Dear Biostars;
To start, I love your FastQC wrapper. In fact, I found performance differences between your version (v0.5.2) and the modern (v0.11.2) versions, where Galaxy's performs better. Specifically, I wonder why the Galaxy version picks up over-represented sequences that the current version does not. I have included two fastQC report outputs, run on the same dataset (one locally with v0.11.2 and one online with Galaxy). For space, I removed possible source column (all are Illumina seq primers).

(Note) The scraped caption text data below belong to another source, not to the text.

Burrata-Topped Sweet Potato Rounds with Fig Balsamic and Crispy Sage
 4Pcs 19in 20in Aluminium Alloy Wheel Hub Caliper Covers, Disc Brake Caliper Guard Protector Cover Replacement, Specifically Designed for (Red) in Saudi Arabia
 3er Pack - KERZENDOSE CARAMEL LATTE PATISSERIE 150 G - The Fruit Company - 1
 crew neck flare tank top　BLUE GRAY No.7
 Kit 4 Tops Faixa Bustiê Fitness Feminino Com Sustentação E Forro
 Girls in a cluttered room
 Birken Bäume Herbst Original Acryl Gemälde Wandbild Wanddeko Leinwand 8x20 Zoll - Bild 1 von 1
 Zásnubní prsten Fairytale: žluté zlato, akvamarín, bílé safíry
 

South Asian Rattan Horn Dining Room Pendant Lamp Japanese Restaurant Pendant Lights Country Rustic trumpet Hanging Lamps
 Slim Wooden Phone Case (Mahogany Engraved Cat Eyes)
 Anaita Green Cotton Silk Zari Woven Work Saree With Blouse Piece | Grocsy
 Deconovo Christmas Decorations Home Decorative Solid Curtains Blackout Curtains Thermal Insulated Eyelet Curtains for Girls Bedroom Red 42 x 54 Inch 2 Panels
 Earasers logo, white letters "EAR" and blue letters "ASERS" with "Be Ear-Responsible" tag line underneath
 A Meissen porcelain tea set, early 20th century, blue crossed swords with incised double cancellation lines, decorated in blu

v0.11.2 (modern): Overrepresented sequences
No overrepresented sequences
v0.52 (galaxy): Overrepresented sequences
Sequence | Count | Percentage | Possible Source |
---|---|---|---|
GATCGGAAGAGCGGTTCAGCAGGAATGCCGAGACCGGATCAGATCTCGTA | 6632022 | 10.933354026186844 | |
GATCGGAAGAGCGGTTCAGCAGGAATGCCGAGGATCGGAAGAGCGGTTCA | 1131736 | 1.8657462765021882 | |
TTTTTTTTTTTTTTTTTTTTTTTTTTTTTTTTTTTTTTTTTTTTTTTTTT | 196415 | 0.32380392149686615 | |
TATCGGAAGAGCGGTTCAGCAGGAATGCCGAGACCGGATCAGATCTCGTA | 165001 | 0.27201573632820514 | |
AATCGGAAGAGCGGTTCAGCAGGAATGCCGAGACCGGATCAGATCTCGTA | 150939 | 0.2488335417703102 |
To clarify, I do not want to know why/how to deal with sequence contaminations. I simply want to get my local (v0.11.2) to perform as well as Galaxy's. Thank you for your time!